_WORK TASK:_ Copy word for word the lines from the start of the records through the line that contains "Chalkida (Χαλκίδα) ist", both included.

_RECORDS FOR THIS TASK:_
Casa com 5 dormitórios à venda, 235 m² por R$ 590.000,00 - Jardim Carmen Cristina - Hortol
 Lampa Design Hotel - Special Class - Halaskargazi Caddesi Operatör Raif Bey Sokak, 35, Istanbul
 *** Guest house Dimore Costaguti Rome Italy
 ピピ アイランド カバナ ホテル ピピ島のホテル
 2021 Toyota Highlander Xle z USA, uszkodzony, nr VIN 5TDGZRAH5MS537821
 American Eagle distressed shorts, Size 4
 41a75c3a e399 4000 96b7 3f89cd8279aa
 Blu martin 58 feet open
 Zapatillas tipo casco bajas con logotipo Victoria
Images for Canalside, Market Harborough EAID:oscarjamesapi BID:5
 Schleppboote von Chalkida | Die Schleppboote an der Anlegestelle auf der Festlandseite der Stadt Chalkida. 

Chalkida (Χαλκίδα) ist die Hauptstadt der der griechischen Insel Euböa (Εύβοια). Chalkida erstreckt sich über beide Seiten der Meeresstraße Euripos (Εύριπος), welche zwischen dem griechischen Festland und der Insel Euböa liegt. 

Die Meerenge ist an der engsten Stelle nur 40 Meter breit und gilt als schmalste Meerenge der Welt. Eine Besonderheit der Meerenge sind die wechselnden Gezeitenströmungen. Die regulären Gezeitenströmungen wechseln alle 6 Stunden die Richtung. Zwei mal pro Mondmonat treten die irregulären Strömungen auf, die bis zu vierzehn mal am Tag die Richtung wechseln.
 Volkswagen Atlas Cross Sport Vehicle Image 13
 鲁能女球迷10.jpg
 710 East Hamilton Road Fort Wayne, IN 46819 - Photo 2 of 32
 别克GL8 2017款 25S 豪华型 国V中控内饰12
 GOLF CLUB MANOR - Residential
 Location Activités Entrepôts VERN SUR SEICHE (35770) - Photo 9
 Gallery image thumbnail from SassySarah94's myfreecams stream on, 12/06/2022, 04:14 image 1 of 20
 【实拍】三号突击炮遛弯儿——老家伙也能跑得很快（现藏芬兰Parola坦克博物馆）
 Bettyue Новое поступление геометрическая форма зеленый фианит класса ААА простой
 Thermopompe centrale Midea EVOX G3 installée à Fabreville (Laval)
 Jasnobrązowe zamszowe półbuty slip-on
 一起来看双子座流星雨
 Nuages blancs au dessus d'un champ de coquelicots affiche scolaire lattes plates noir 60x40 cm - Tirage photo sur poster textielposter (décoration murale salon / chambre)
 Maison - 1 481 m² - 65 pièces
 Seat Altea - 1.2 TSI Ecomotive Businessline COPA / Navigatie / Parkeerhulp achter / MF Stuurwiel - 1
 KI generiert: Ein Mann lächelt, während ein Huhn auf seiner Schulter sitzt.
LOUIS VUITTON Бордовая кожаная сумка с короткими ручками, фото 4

_TASK ANSWER:_
Casa com 5 dormitórios à venda, 235 m² por R$ 590.000,00 - Jardim Carmen Cristina - Hortol
 Lampa Design Hotel - Special Class - Halaskargazi Caddesi Operatör Raif Bey Sokak, 35, Istanbul
 *** Guest house Dimore Costaguti Rome Italy
 ピピ アイランド カバナ ホテル ピピ島のホテル
 2021 Toyota Highlander Xle z USA, uszkodzony, nr VIN 5TDGZRAH5MS537821
 American Eagle distressed shorts, Size 4
 41a75c3a e399 4000 96b7 3f89cd8279aa
 Blu martin 58 feet open
 Zapatillas tipo casco bajas con logotipo Victoria
Images for Canalside, Market Harborough EAID:oscarjamesapi BID:5
 Schleppboote von Chalkida | Die Schleppboote an der Anlegestelle auf der Festlandseite der Stadt Chalkida. 

Chalkida (Χαλκίδα) ist die Hauptstadt der der griechischen Insel Euböa (Εύβοια). Chalkida erstreckt sich über beide Seiten der Meeresstraße Euripos (Εύριπος), welche zwischen dem griechischen Festland und der Insel Euböa liegt. 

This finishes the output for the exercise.